▸ Entries supplied:

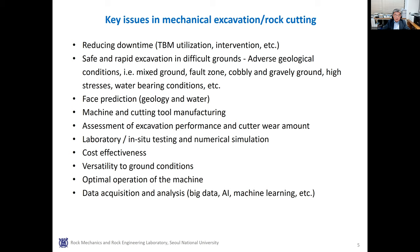Machine and cutter manufacturing should consider the ground conditions and the potential geological and geotechnical hazards. Assessment of excavation performance and cutter wear amount is important to plan and operate the project, involving many parameters such as geological, machine, and operational parameters. There have been lots of research on laboratory or in-situ testing and numerical simulation to improve machine excavation performance. As there has been a lot of data acquisition and accumulation, AI techniques are widely adopted for face prediction and performance prediction, and will provide a very important tool in the future.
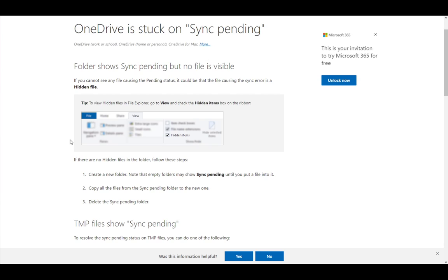First, to see hidden files, what you need to do is go into view under the file explorer, and select hidden items, and check it off, and then you will see hidden items.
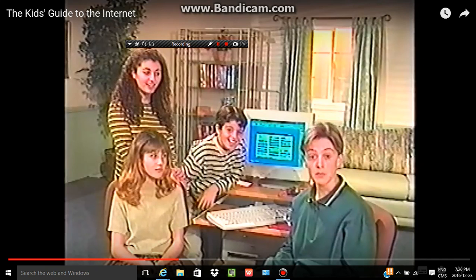What's up guys, welcome to the third part of the Kids Guide to the Internet. This is the stupidest full 20-minute video I've ever seen in my entire life. Let's continue — also, eight times, yeah, eight times in fact.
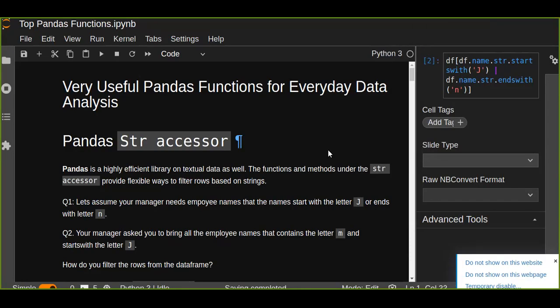Hello and welcome. This is very useful pandas functions for everyday data analysis tutorial. In this tutorial you are going to learn about pandas str accessor.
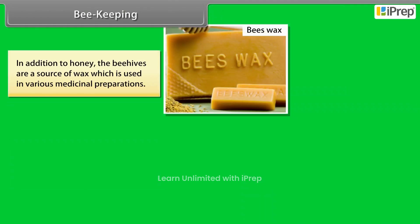In addition to honey, the beehives are a source of wax which is used in various medicinal preparations.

▸ Exercise instructions: Take the lines above from the top of the records through the one with "First, to see" and repeat them exactly, without any pictures.

▸ Output below:
Machine and cutter manufacturing should consider the ground conditions and the potential geological and geotechnical hazards. Assessment of excavation performance and cutter wear amount is important to plan and operate the project, involving many parameters such as geological, machine, and operational parameters. There have been lots of research on laboratory or in-situ testing and numerical simulation to improve machine excavation performance. As there has been a lot of data acquisition and accumulation, AI techniques are widely adopted for face prediction and performance prediction, and will provide a very important tool in the future.
First, to see hidden files, what you need to do is go into view under the file explorer, and select hidden items, and check it off, and then you will see hidden items.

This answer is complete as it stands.